## Exercise objective
The whole listing below should be retyped exactly, without any images.

## Recorded data
------------------------------------------------
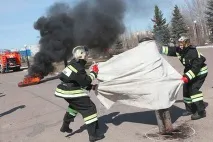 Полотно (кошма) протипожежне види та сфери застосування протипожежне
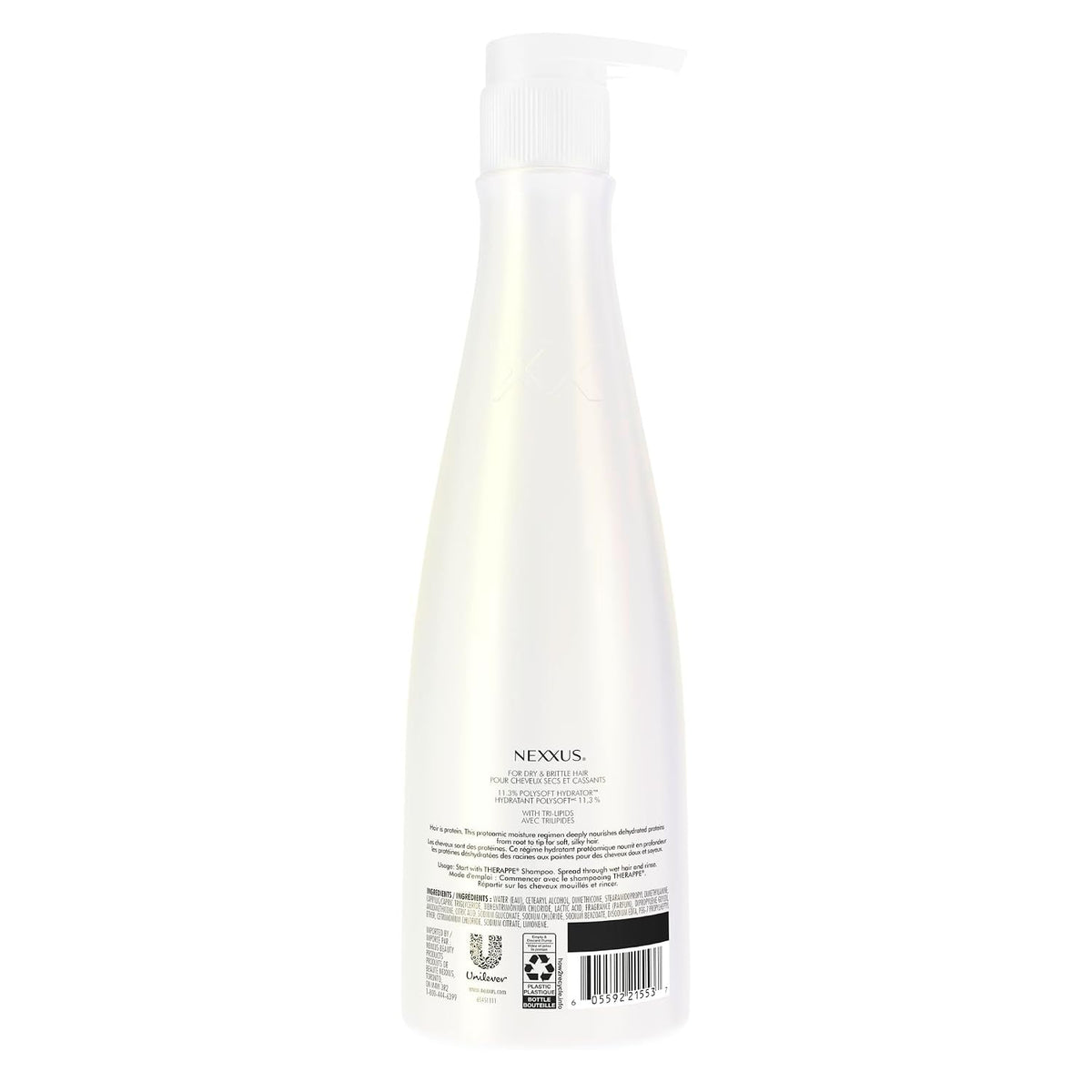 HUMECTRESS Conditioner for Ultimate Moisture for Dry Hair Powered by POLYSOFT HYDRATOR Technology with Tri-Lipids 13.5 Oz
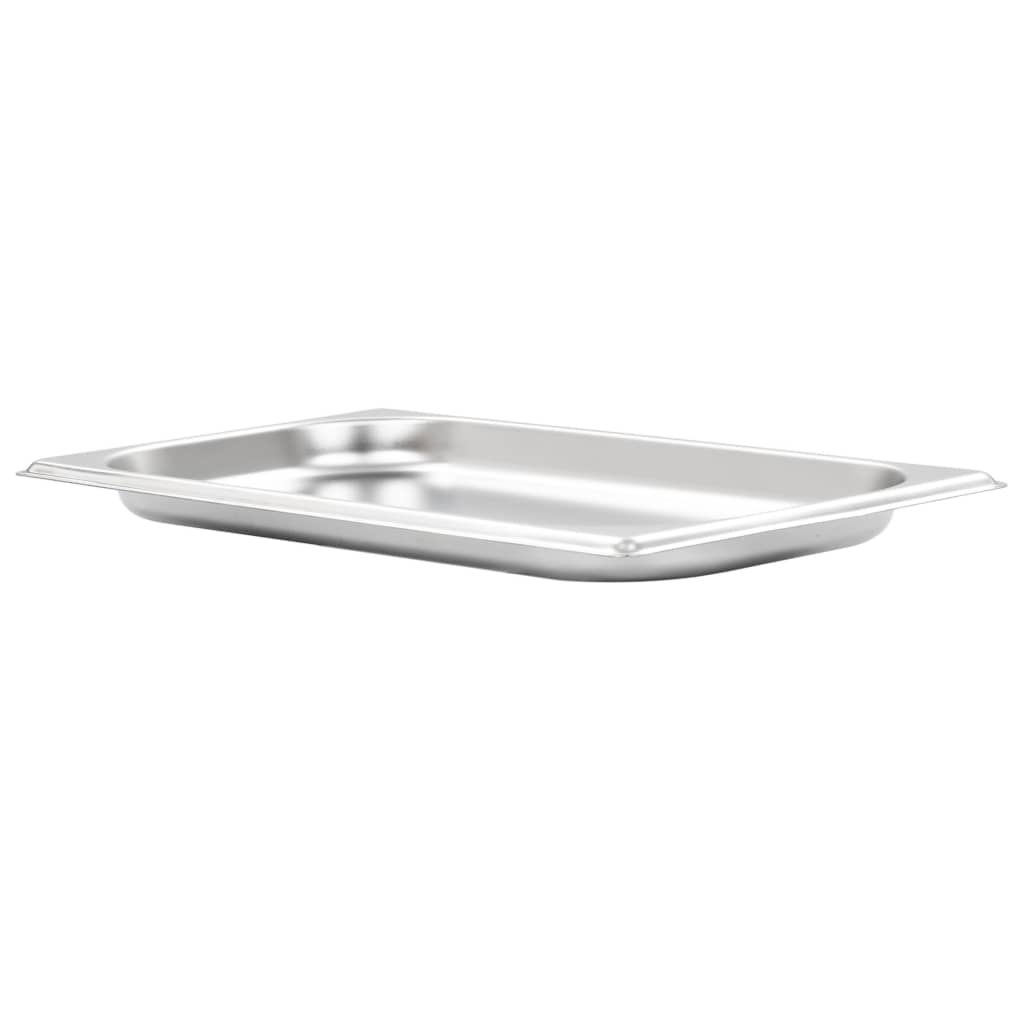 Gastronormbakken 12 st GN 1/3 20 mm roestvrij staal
------------------------------------------------
## Answer box
 Полотно (кошма) протипожежне види та сфери застосування протипожежне
 HUMECTRESS Conditioner for Ultimate Moisture for Dry Hair Powered by POLYSOFT HYDRATOR Technology with Tri-Lipids 13.5 Oz
 Gastronormbakken 12 st GN 1/3 20 mm roestvrij staal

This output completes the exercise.